ABOUT THIS EXERCISE: Your response should consist of the entries below, reproduced exactly and without their images.
#####
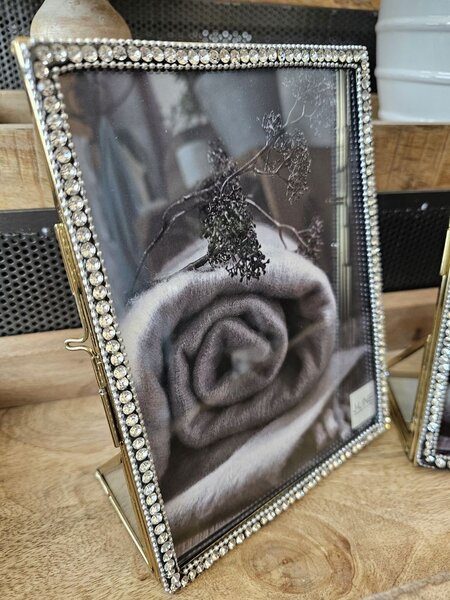 Zlatý kovový fotorámik s kamienkami Jewel L - 15*20 cm - J-Line by Jolipa
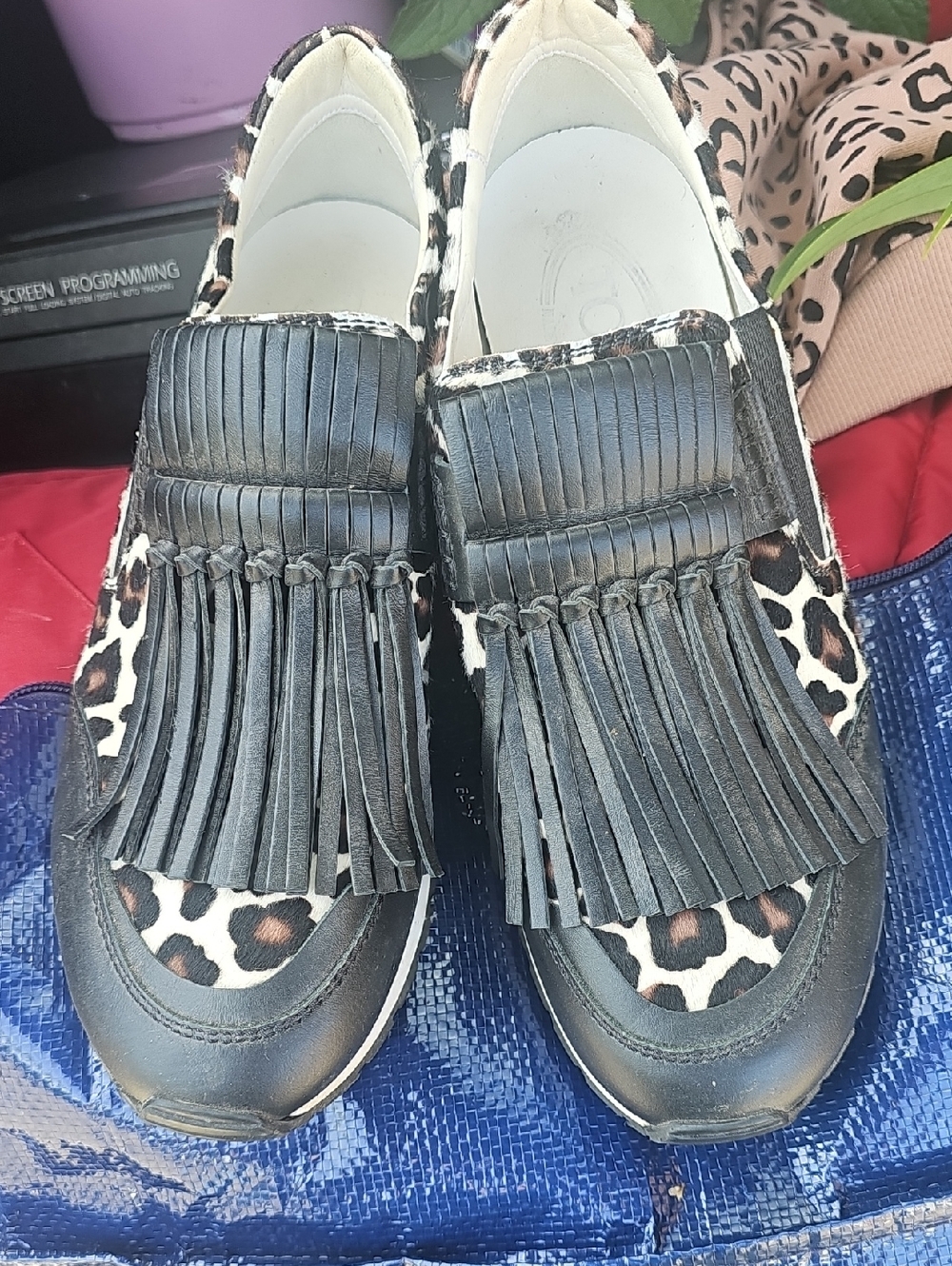 Tod's Black Leather Fringe Moccasins with Leopard Print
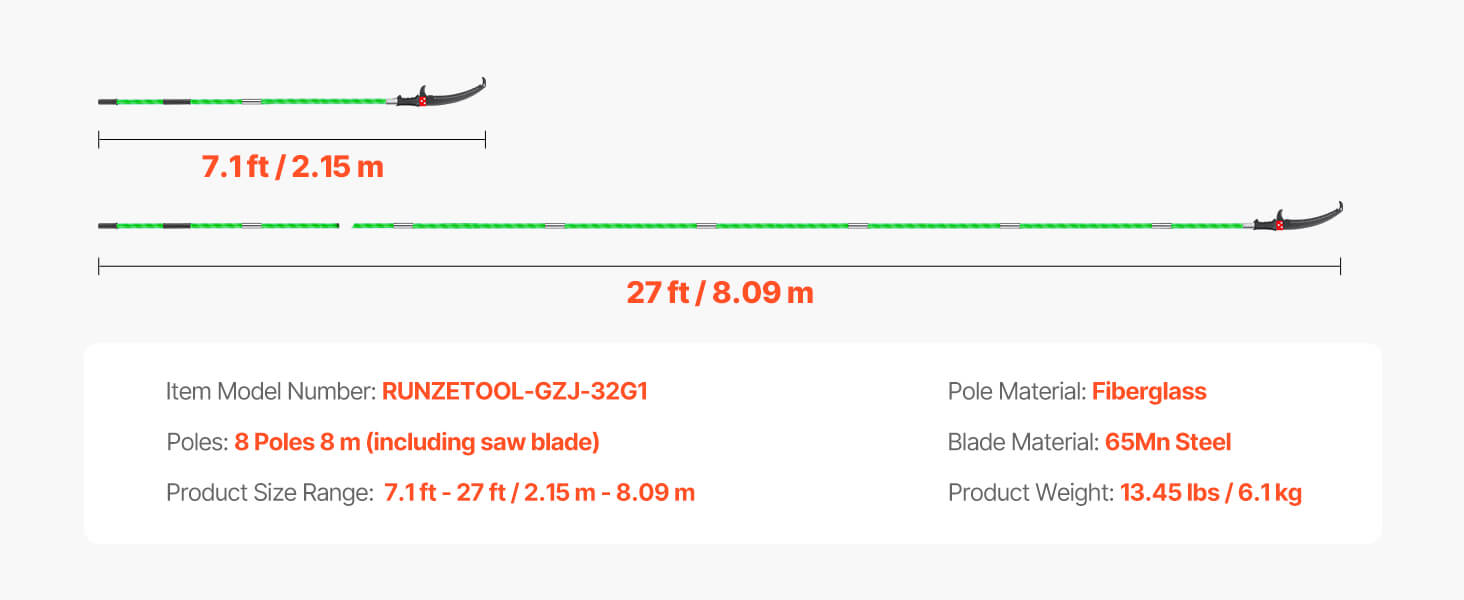 SucceBuy manuálny pílka na stĺp Pole Saw 3,87–27 ft Rozšíriteľná vetvička Pruner ostrý 65Mn oceľový list Sklenená sklenená násada na tyč pre strihanie vysokých konárov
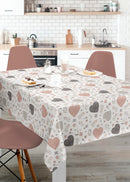Scandi Heart & Floral Dusky Pink  and Grey  Vinyl Oilcloth Tablecloth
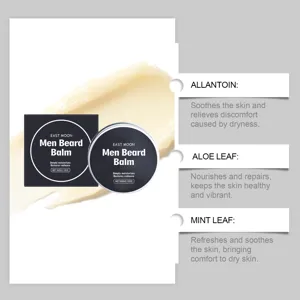 Close-up detail of men beard balm showing nourishing texture and key herbal ingredients.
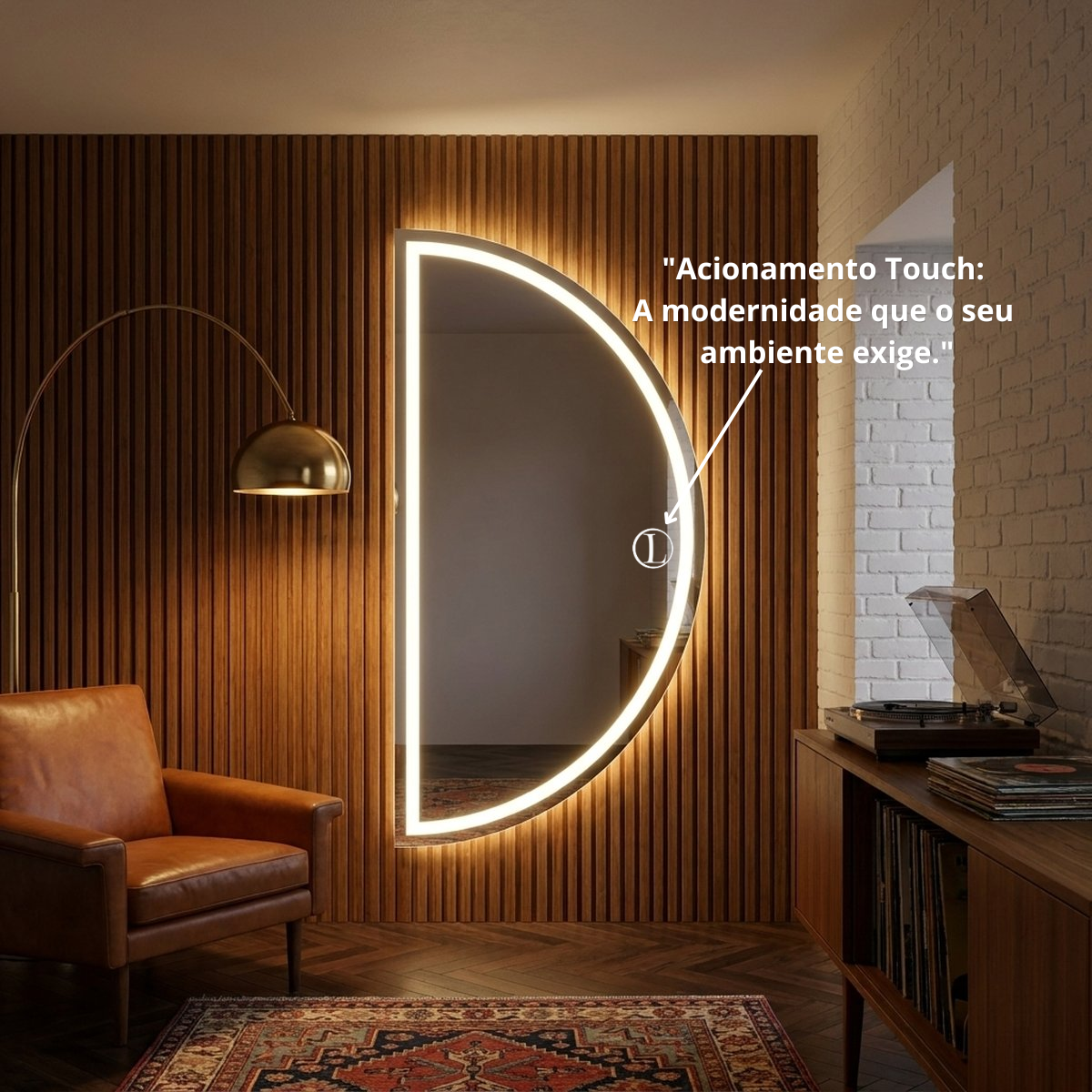 Espelho Meia Lua Polido Com Led Jateado 170x70 3 Tonalidades de Led (Quente, Neutro e Frio)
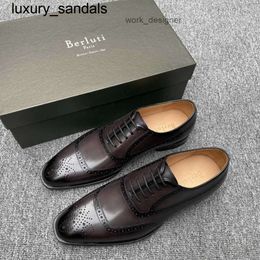 Berluti Business Leather Shoes Oxford Calfskin Handmade Top Quality BerlutiBruti Goodyear Handmade Cold Adhesive Formal Block Carved Breathable Color Wiped SYLV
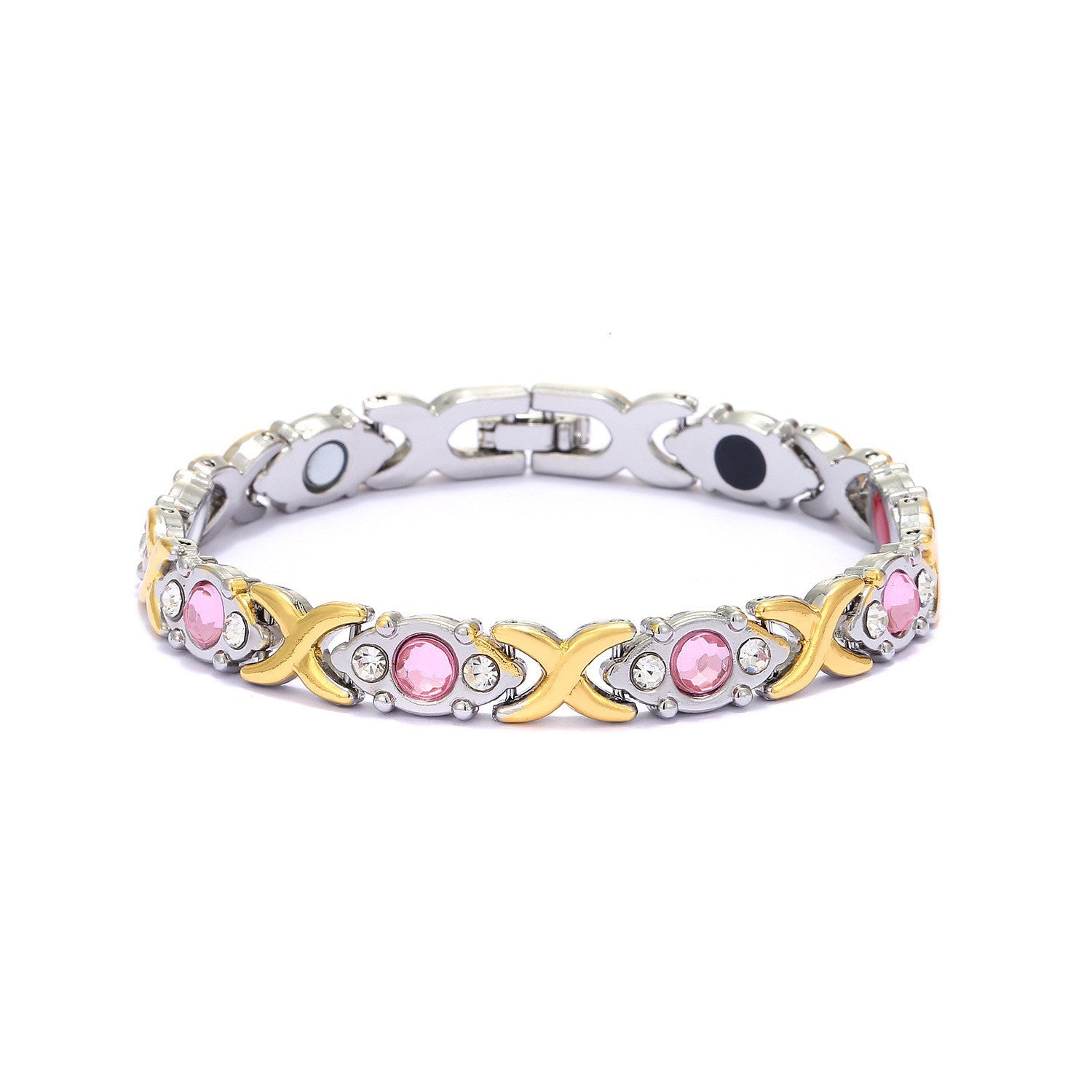 Adjustable Magnetic Energy Bracelet with Diamonds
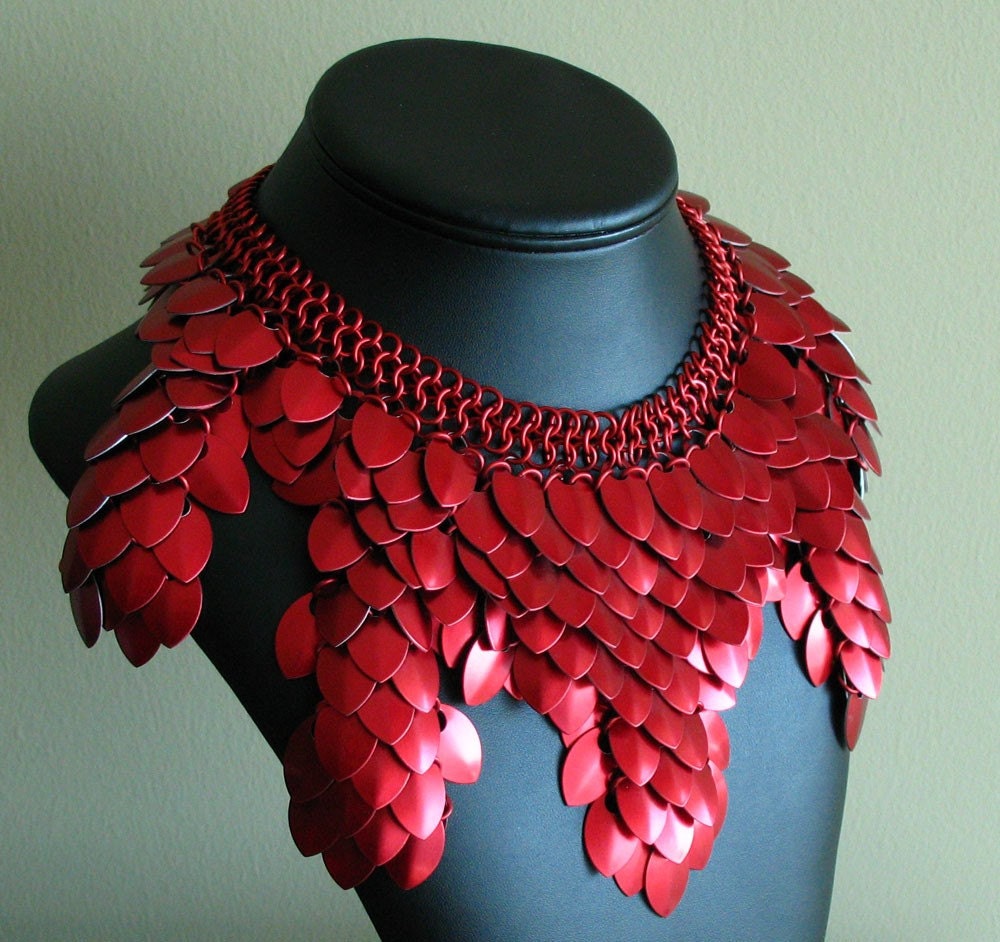 Chainmaille Red Scale Collar - Statement Art Necklace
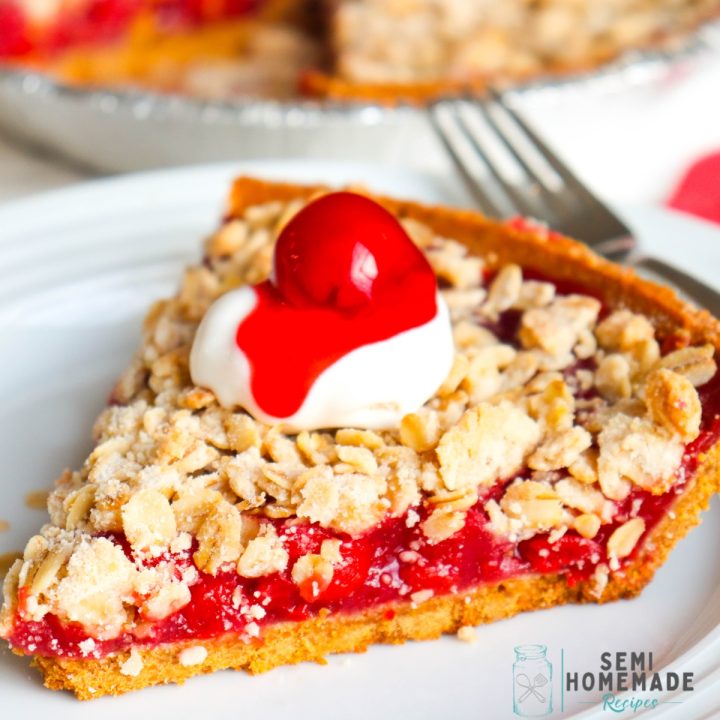 Vintage Cherry Crunch Pie is the perfect cherry pie to make for any party and it's great for dessert after dinner. You'll love how quickly this recipes comes together! The hardest part is waiting for it to cool!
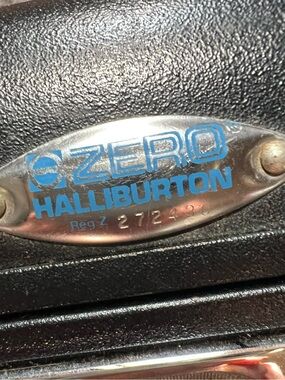 Zero Halliburton reg z Black Textured Briefcase with Blue Accent Logo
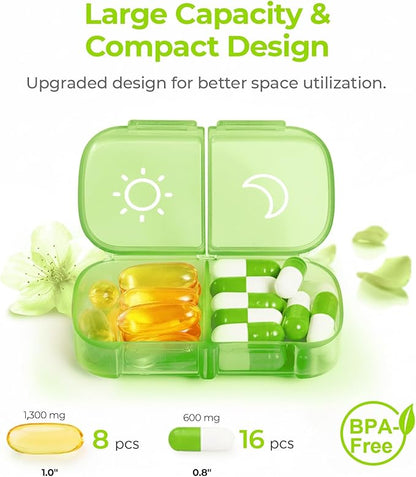 AUVON XL Weekly Pill Organizer 2 Times a Day, AM PM Pill Case with One-Side Large Opening for Easy to Use, Pill Box 7 Day Travel Medication Organizer for Medications, Vitamins, Fish Oils, Supplements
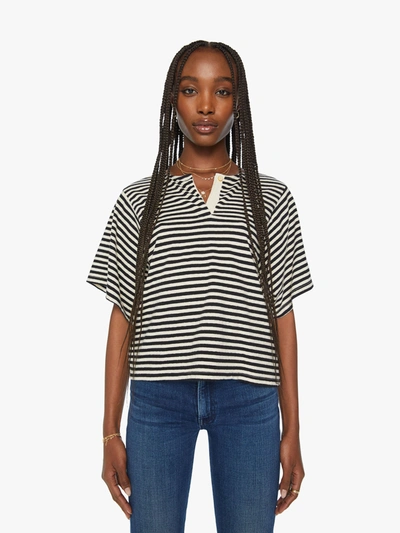 Mother The Fair And Square Tee Shirt White Midnight Stripe Tee Shirt In Neutral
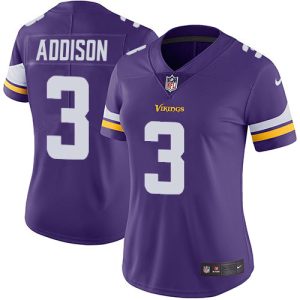 replica Vikings #3 Jordan Addison Purple Team Color Women's Stitched NFL Vapor Untouchable Limited Jersey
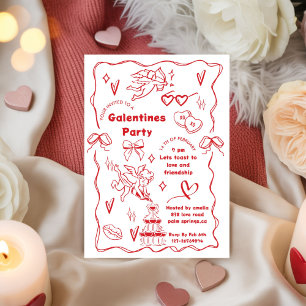 Galentine’s Party, Girls Galentine’s Hand Drawn  Invitation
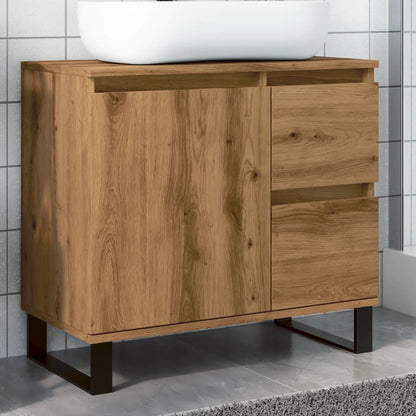 Badkamerkast 65x33x60 cm bewerkt hout artisanaal eikenkleurig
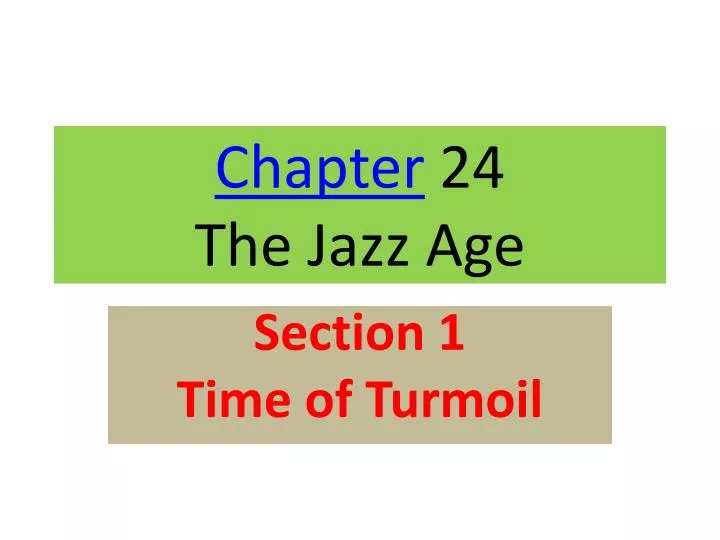chapter 24 the jazz age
#####
WRITTEN ANSWER:
 Zlatý kovový fotorámik s kamienkami Jewel L - 15*20 cm - J-Line by Jolipa
 Tod's Black Leather Fringe Moccasins with Leopard Print
 SucceBuy manuálny pílka na stĺp Pole Saw 3,87–27 ft Rozšíriteľná vetvička Pruner ostrý 65Mn oceľový list Sklenená sklenená násada na tyč pre strihanie vysokých konárov
Scandi Heart & Floral Dusky Pink  and Grey  Vinyl Oilcloth Tablecloth
 Close-up detail of men beard balm showing nourishing texture and key herbal ingredients.
 Espelho Meia Lua Polido Com Led Jateado 170x70 3 Tonalidades de Led (Quente, Neutro e Frio)
 Berluti Business Leather Shoes Oxford Calfskin Handmade Top Quality BerlutiBruti Goodyear Handmade Cold Adhesive Formal Block Carved Breathable Color Wiped SYLV
 Adjustable Magnetic Energy Bracelet with Diamonds
 Chainmaille Red Scale Collar - Statement Art Necklace
 Vintage Cherry Crunch Pie is the perfect cherry pie to make for any party and it's great for dessert after dinner. You'll love how quickly this recipes comes together! The hardest part is waiting for it to cool!
 Zero Halliburton reg z Black Textured Briefcase with Blue Accent Logo
 AUVON XL Weekly Pill Organizer 2 Times a Day, AM PM Pill Case with One-Side Large Opening for Easy to Use, Pill Box 7 Day Travel Medication Organizer for Medications, Vitamins, Fish Oils, Supplements
 Mother The Fair And Square Tee Shirt White Midnight Stripe Tee Shirt In Neutral
 replica Vikings #3 Jordan Addison Purple Team Color Women's Stitched NFL Vapor Untouchable Limited Jersey
 Galentine’s Party, Girls Galentine’s Hand Drawn  Invitation
 Badkamerkast 65x33x60 cm bewerkt hout artisanaal eikenkleurig
chapter 24 the jazz age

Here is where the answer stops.